Even, when the persistent acts and sins of men demand God’s righteous judgment, that is not what God rejoices to do.  In the book of Ezekiel, God says, “Do I take any pleasure in the death of the wicked?” declares the sovereign Lord.  “Rather, am I not pleased when they turn from their ways and live” (Ezek. 18:23)?  He also says, “I looked for a man among them who would build up the wall and stand before me in the gap on behalf of the land so I would not have to destroy it, but I found none.” (Ezek.22: 30). Sometimes, disaster comes because man leaves God no choice.  Like parents exercising tough love toward a rebellious child, God sometimes brings discipline or judgment.  But it is not his pleasure to do so.

 

The world is clearly full of tragedy.  In his sovereignty, God gave man free will and in doing so set limitations on himself in terms of how he would intercede in the affairs of men.  When mankind chooses violence over peace, adultery over faithfulness, abortion over parenthood, bitterness over forgiveness, deception over truth and rebellion over obedience, bad things happen and people are wounded in ways that were never in the heart of God for his people.

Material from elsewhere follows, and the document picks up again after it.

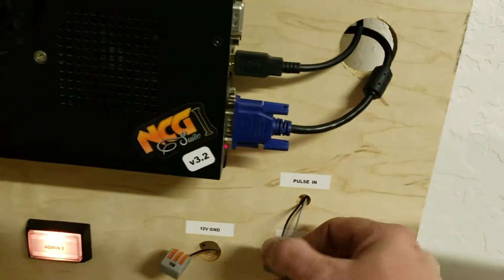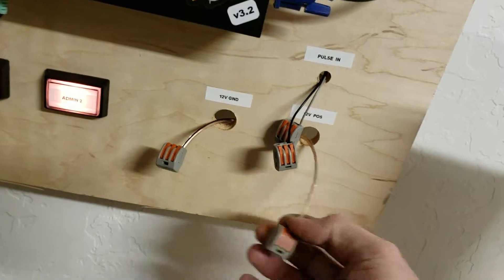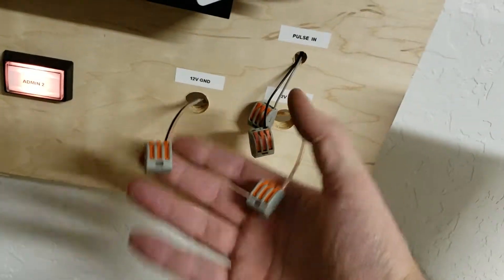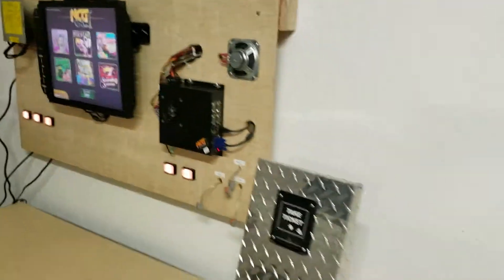I've got pulsing for testing, you can put bill validators to this, and here's power for printers and bill validators. You can hook them up temporarily and test them. Thought you might appreciate that.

When men act in such ways they open themselves and their families up to the work of Satan who comes to kill, steal, and destroy.

 

However we understand God and his heart for us, the clearest demonstration of his heart is found in Jesus. Jesus declared in John 14 that whoever has seen him (Jesus) has seen the Father.  Whatever Jesus did on the earth is an accurate reflection of the heart of God.  The heart of God, like the heart of God’s Son, is to heal, bless, set free, and eventually abolish death altogether.

 

When we blame God for the tragedies, the pain, the sorrows of life we misjudge his character and his heart for us.  That misconception is a great tool of the enemy to alienate people from a God who loves them and to limit our faith when we pray.  If we ever believe that God’s heart for his children is that they be raped, abused, murdered, ravaged by cancer, and stuck in crippling poverty, or die tragically then how will we pray against those things?  How will be believe that God is sitting on the edge of his throne waiting to arise and set his children free from the hate-filled works of the devil?  And yet, that is where he is.

 

The good news is that disease, disabilities, shattered emotions, broken families and all the rest of Satan’s work is not the heart of God for his people.  Jesus came to begin dismantling those works in individual lives and then in society as a whole.  The church has been commissioned to do what Jesus did and to continue to destroy those works with the love of God and the power of heaven.  God longs for us to call on him in faith to push back the borders of darkness through us.  He longs to display his power to heal, mend, and set free through us, just as he did through Jesus. Whenever we have it in our hearts to do the works that Jesus did then we can rest assured that heaven is ready to join us in the battle.  Be bold today.  Know that God is on your side when you push back in faith against the kingdom of darkness.